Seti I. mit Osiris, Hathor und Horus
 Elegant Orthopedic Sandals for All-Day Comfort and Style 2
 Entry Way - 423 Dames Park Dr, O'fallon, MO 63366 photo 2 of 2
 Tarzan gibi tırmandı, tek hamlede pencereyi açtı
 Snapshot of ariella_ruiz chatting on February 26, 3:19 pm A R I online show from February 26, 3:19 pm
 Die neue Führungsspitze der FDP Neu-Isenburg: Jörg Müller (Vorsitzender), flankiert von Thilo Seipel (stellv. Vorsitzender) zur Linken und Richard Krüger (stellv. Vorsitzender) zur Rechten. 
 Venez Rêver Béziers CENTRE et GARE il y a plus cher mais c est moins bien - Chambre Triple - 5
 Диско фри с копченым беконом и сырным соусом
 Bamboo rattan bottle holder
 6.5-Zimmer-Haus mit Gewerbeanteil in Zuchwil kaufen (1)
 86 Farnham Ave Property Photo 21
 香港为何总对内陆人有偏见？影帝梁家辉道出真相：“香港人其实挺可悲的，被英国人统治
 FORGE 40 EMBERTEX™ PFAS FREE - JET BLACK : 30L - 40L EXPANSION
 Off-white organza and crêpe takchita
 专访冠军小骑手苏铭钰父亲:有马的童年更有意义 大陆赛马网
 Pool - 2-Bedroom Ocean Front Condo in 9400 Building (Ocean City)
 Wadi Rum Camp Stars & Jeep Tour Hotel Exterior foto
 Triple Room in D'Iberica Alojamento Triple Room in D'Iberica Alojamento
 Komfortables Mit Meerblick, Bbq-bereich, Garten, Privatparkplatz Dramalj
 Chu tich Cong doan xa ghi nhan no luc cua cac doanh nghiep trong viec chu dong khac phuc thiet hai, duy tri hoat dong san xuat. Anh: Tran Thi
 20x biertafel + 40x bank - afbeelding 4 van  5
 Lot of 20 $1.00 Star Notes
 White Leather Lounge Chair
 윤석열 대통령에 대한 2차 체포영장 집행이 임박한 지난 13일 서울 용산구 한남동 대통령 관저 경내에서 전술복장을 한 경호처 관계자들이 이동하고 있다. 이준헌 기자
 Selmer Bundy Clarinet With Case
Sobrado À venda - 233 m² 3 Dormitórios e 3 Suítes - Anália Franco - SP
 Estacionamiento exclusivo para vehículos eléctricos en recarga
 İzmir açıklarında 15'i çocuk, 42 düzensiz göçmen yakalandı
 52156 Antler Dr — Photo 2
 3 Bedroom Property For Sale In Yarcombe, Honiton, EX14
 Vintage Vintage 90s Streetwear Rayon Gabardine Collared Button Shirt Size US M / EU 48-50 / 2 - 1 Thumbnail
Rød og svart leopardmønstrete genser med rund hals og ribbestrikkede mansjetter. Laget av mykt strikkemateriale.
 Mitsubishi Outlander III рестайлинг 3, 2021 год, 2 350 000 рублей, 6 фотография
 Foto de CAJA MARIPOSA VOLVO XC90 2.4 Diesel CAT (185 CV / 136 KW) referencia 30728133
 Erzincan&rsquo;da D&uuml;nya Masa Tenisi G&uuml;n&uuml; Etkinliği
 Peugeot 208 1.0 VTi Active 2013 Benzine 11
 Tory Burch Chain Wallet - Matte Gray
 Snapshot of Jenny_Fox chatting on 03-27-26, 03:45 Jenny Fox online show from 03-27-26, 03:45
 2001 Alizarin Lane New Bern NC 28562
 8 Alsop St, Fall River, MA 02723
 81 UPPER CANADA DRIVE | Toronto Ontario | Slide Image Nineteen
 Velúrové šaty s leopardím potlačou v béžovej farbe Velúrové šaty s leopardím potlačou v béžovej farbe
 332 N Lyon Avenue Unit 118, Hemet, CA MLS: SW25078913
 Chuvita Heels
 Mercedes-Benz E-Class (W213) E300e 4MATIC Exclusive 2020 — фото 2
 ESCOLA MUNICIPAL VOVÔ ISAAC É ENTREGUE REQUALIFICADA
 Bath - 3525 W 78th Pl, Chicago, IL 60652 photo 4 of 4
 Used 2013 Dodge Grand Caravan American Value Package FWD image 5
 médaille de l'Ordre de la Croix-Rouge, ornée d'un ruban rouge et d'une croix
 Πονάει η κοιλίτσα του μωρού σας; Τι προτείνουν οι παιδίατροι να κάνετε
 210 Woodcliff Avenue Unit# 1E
____
→ **DESCRIPTION OF THE TASK**:
Word for word, set down every line of the material above.

→ **COMPLETED EXERCISE**:
Seti I. mit Osiris, Hathor und Horus
 Elegant Orthopedic Sandals for All-Day Comfort and Style 2
 Entry Way - 423 Dames Park Dr, O'fallon, MO 63366 photo 2 of 2
 Tarzan gibi tırmandı, tek hamlede pencereyi açtı
 Snapshot of ariella_ruiz chatting on February 26, 3:19 pm A R I online show from February 26, 3:19 pm
 Die neue Führungsspitze der FDP Neu-Isenburg: Jörg Müller (Vorsitzender), flankiert von Thilo Seipel (stellv. Vorsitzender) zur Linken und Richard Krüger (stellv. Vorsitzender) zur Rechten. 
 Venez Rêver Béziers CENTRE et GARE il y a plus cher mais c est moins bien - Chambre Triple - 5
 Диско фри с копченым беконом и сырным соусом
 Bamboo rattan bottle holder
 6.5-Zimmer-Haus mit Gewerbeanteil in Zuchwil kaufen (1)
 86 Farnham Ave Property Photo 21
 香港为何总对内陆人有偏见？影帝梁家辉道出真相：“香港人其实挺可悲的，被英国人统治
 FORGE 40 EMBERTEX™ PFAS FREE - JET BLACK : 30L - 40L EXPANSION
 Off-white organza and crêpe takchita
 专访冠军小骑手苏铭钰父亲:有马的童年更有意义 大陆赛马网
 Pool - 2-Bedroom Ocean Front Condo in 9400 Building (Ocean City)
 Wadi Rum Camp Stars & Jeep Tour Hotel Exterior foto
 Triple Room in D'Iberica Alojamento Triple Room in D'Iberica Alojamento
 Komfortables Mit Meerblick, Bbq-bereich, Garten, Privatparkplatz Dramalj
 Chu tich Cong doan xa ghi nhan no luc cua cac doanh nghiep trong viec chu dong khac phuc thiet hai, duy tri hoat dong san xuat. Anh: Tran Thi
 20x biertafel + 40x bank - afbeelding 4 van  5
 Lot of 20 $1.00 Star Notes
 White Leather Lounge Chair
 윤석열 대통령에 대한 2차 체포영장 집행이 임박한 지난 13일 서울 용산구 한남동 대통령 관저 경내에서 전술복장을 한 경호처 관계자들이 이동하고 있다. 이준헌 기자
 Selmer Bundy Clarinet With Case
Sobrado À venda - 233 m² 3 Dormitórios e 3 Suítes - Anália Franco - SP
 Estacionamiento exclusivo para vehículos eléctricos en recarga
 İzmir açıklarında 15'i çocuk, 42 düzensiz göçmen yakalandı
 52156 Antler Dr — Photo 2
 3 Bedroom Property For Sale In Yarcombe, Honiton, EX14
 Vintage Vintage 90s Streetwear Rayon Gabardine Collared Button Shirt Size US M / EU 48-50 / 2 - 1 Thumbnail
Rød og svart leopardmønstrete genser med rund hals og ribbestrikkede mansjetter. Laget av mykt strikkemateriale.
 Mitsubishi Outlander III рестайлинг 3, 2021 год, 2 350 000 рублей, 6 фотография
 Foto de CAJA MARIPOSA VOLVO XC90 2.4 Diesel CAT (185 CV / 136 KW) referencia 30728133
 Erzincan&rsquo;da D&uuml;nya Masa Tenisi G&uuml;n&uuml; Etkinliği
 Peugeot 208 1.0 VTi Active 2013 Benzine 11
 Tory Burch Chain Wallet - Matte Gray
 Snapshot of Jenny_Fox chatting on 03-27-26, 03:45 Jenny Fox online show from 03-27-26, 03:45
 2001 Alizarin Lane New Bern NC 28562
 8 Alsop St, Fall River, MA 02723
 81 UPPER CANADA DRIVE | Toronto Ontario | Slide Image Nineteen
 Velúrové šaty s leopardím potlačou v béžovej farbe Velúrové šaty s leopardím potlačou v béžovej farbe
 332 N Lyon Avenue Unit 118, Hemet, CA MLS: SW25078913
 Chuvita Heels
 Mercedes-Benz E-Class (W213) E300e 4MATIC Exclusive 2020 — фото 2
 ESCOLA MUNICIPAL VOVÔ ISAAC É ENTREGUE REQUALIFICADA
 Bath - 3525 W 78th Pl, Chicago, IL 60652 photo 4 of 4
 Used 2013 Dodge Grand Caravan American Value Package FWD image 5
 médaille de l'Ordre de la Croix-Rouge, ornée d'un ruban rouge et d'une croix
 Πονάει η κοιλίτσα του μωρού σας; Τι προτείνουν οι παιδίατροι να κάνετε
 210 Woodcliff Avenue Unit# 1E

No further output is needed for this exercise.